Snow dump breaks records

Ben Stark, Staff Writer

A foot of snow and stranded motorists are nothing new for Minnesotans, just like how shoveling out cars and cancelled classes are not new for Augsburg students. However, the timing is. Last weekend’s blizzard broke new records in the Metro area. The total snowfall, 15.9 inches, was the largest recorded snowfall in April in Minnesota history. The previous record holder was a storm in 1983 which dropped 13.6 inches across the area. The storm also made this year the snowiest start of the calendar year.

Overcast skies on the previous Friday morning became rain by 2 p.m. Around 4 p.m., a heavy system of hail came through the area. Snow and strong winds followed after that without stopping. By midnight on Friday, snow plows were struggling to keep the interstates clear. On Saturday, the snow continued to fall. Many cars stalled out in the accumulating snow. Strangers came together to push stranded drivers out of ditches and drifts. April looked like January, and the snow continued on Sunday. Power outages were reported around the state, canceling proms and other events.

Over 600 vehicle crashes were reported statewide. As of last Sunday, 1,058 spinouts and 20 jackknifed trailers were reported to the Minnesota State Patrol. My car was one of the many unreported spinouts, and AAA had suspended all towing and roadside assistance on Saturday night. So early Sunday morning I shoveled my car out of a ditch in blizzard conditions.

Everyone had plenty of adventures to share. I swapped stories with Mike, a guy waiting for takeout at the Free House restaurant on Washington, and we relived our big moments over the weekend. Mike had pushed seven Uber drivers out of the snow. Uber offers higher rates to drivers in bad weather, but obviously their cars could not handle the elements. Mike had even seen a snow plow stalled out in Uptown.

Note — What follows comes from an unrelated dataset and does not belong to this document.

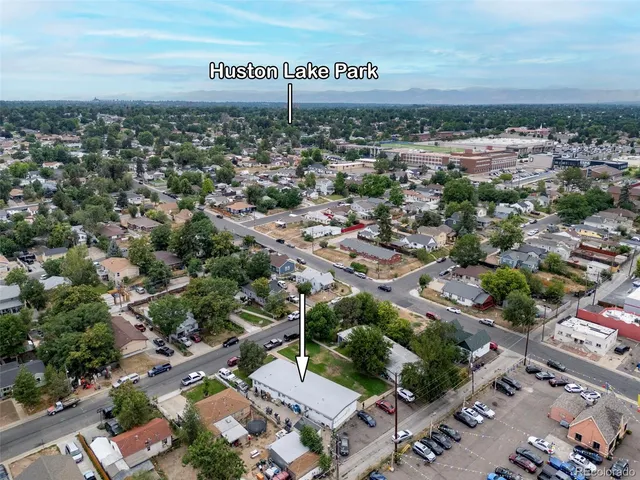 an aerial view of a city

One of the beautiful aspects of any big storm are the human encounters during. Everyone pitched in to help one another.

Minneapolis and St. Paul both declared snow emergencies. This pulled residents out of their homes to frantically shovel out their cars before traffic police or tow trucks arrived. Buried cars and ticket-happy traffic police added to the end-of-semester stress. On Monday night, the Minneapolis impound lot reported 570 towed cars, compared to zero in St. Paul. Maybe they have better parking signs there.

It seems weird to talk about graduation and summer vacation during a cold April. After this weekend, it might be tempting to plan an exotic getaway, but don’t take the bait. Historically, cold Aprils have not led to cold summers. Save the tropical trip for next winter.

This article first appeared in the Friday, April 20 edition of The Echo.